A node map shows the pieces of the setting as points connected by paths. Given an appropriate mode of transportation, characters can travel from their current node to any other node linked to it by a path. You can presume that all paths require the same time or effort to travel, or you can give each path a length that determines its travel time or effort. This space map is perfect for star systems connected by wormholes or hyperspace jump lines, but it can also be used for maps of normal space, with lines connecting those systems that are in range of each other for the typical starships of the setting. Systems that are not connected are presumed to be sufficiently distant in normal space that the typical starship can’t reach from one to the other due to lack of fuel capacity, power reserves, or other measure of endurance.
A node map can also represent interplanetary space, such as in Mass Drivers, a gritty near-future setting focused on the Asteroid Belt. In Mass Drivers, each node of its space map represents the current orbital location of one or more constantly moving asteroids. When a spaceship’s crew plots a course to another asteroid or other destination, the GM indicates the destination’s current location by pointing to the node it occupies. Each path represents a distance of about 100,000 kilometers.
A zone map breaks the setting into zones, regions, or areas, and assumes that movement within a zone is more-or-less trivial but that movement between zones requires some effort.
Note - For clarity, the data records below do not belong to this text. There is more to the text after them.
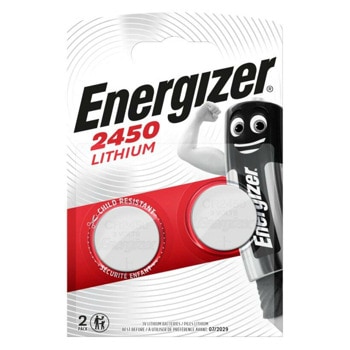 Батерии литиеви Energizer, CR2450, 3V, 2бр. | JAR Computers Батерии литиеви Energizer CR2450 3V 2бр.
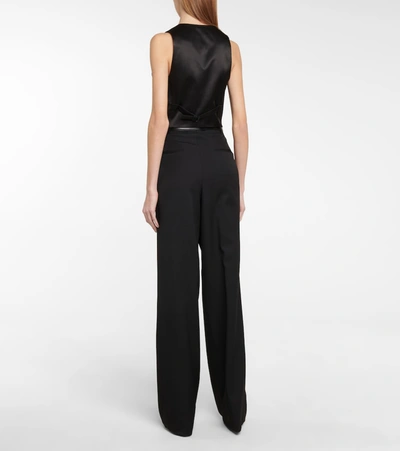Saint Laurent Wool Grain De Poudre Vest In Black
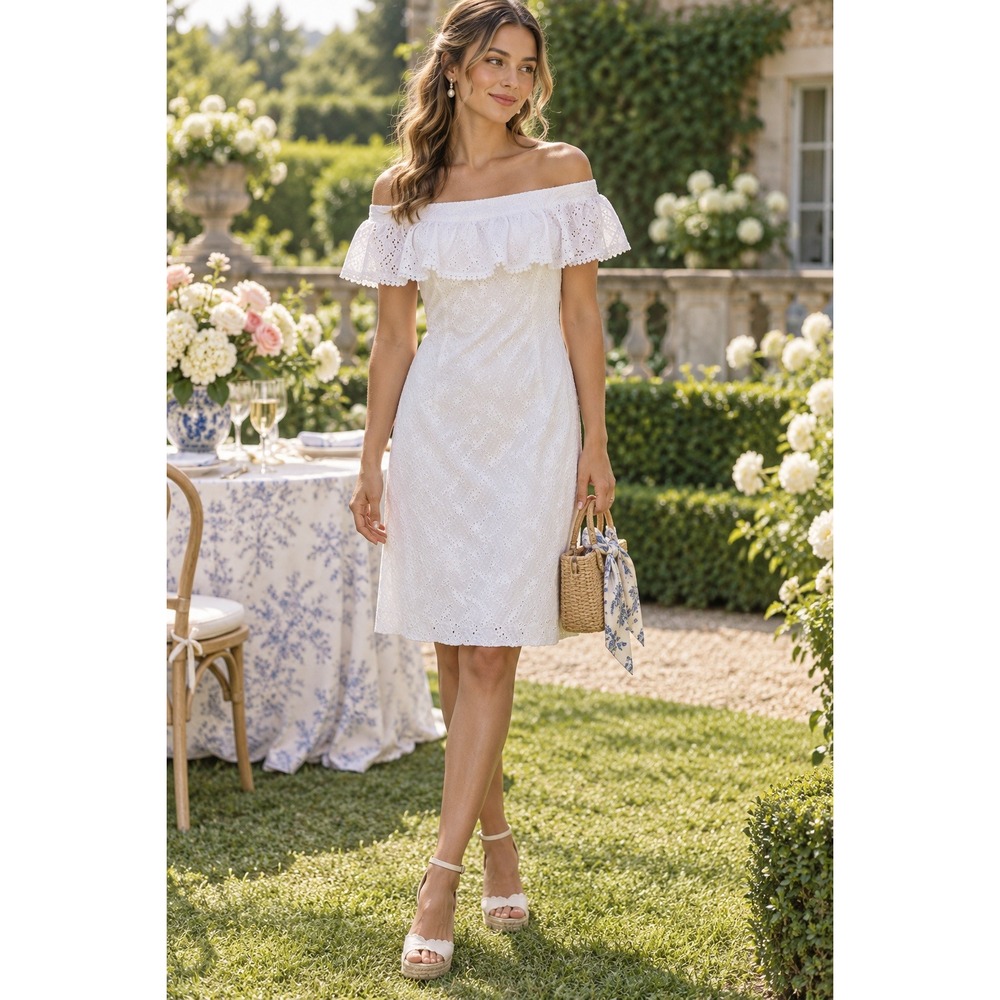 Calvin Klein White Cotton Eyelet Off the Shoulder Ruffle Dress CD7G154H Size 6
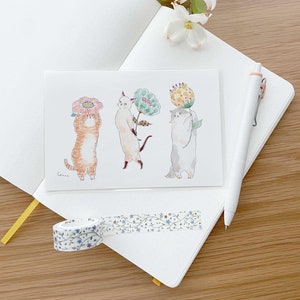 Carte postale - Chats fleuris - Tocoro Comugi - 1 pièce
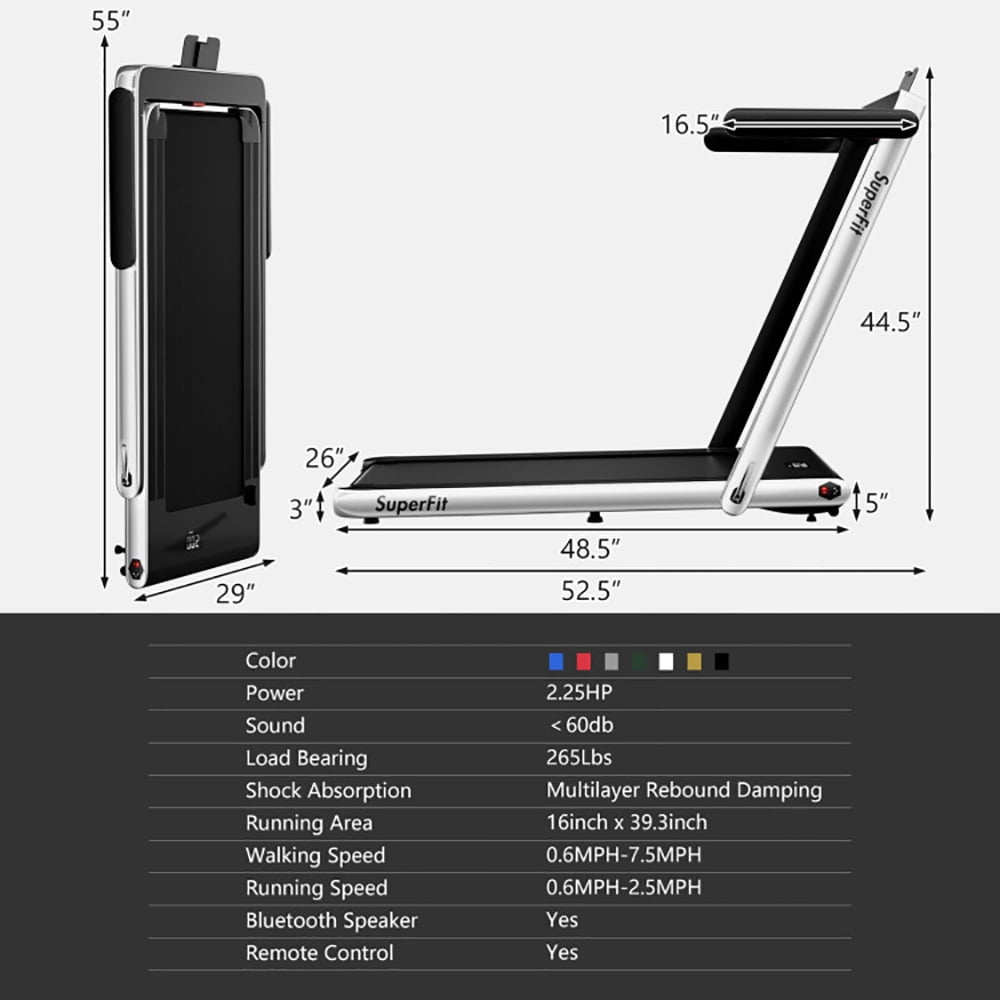 Spaco 2.25HP 2 in 1 Folding Treadmill with APP Speaker Remote Control-Silver, Home Fitness Equipment for Walking & Running , Cardio Exercise Machine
For example, the map from Pax Galactica divides a galaxy-wide space empire into zones. A zone map is topologically equivalent to a node map, but while a node map gives the feeling of leaving one location and traveling to another across an intervening distance, the zone map gives the feeling of occupying a particular volume of space and crossing a border into a different one—for example, “We’ve entered the Neutral Zone!”
You can flesh out the zones—or the nodes on the node map, for that matter—by adding aspects. For example, in the galaxy zone map for Pax Galactica, the Galactic Core is densely packed with Mostly Planetless stars surrounding a Massive Black Hole and thus Bathed in Deadly Radiation, while the Outer Margins and the two Rifts are Thinly Populated with Stars, although only the Outer Margins are a Lawless Frontier. The other zones are all Civilized Space.
Ultimately, the difference between the zone and node maps is cosmetic. They work in essentially the same way, by indicating which locations are functionally adjacent. For locations that are not adjacent, any path between them requires transit across intermediate locations. Of course, with a zone map the route between any given pair of zones may not be limited to their common boundaries; in other words, a hyperspace path may in fact connect a world in the Sagittarius Arm with one in the Outer Margins, for example, allowing passage to and fro without passing through the intervening zones.
An open map, unlike the other space maps, places no hard restrictions on movement. This map is simply a graphic representation of a volume of space without any superimposed movement grid. Given an appropriate mode of transportation, characters can travel to anywhere on the map, calculating their travel time based on real-world considerations and the fictional capabilities of their vehicles. Both Millennials and The Gods Know Future Things use open maps.
If you want to play a game with very high plausibility, you can easily find astronomical data online that can be useful in creating bespoke three-dimensional star maps. The map of near space in The Gods Know Future Things uses real-world astronomical data, but compresses them into two dimensions, so the distances among stars are more distorted the further one gets from Sol.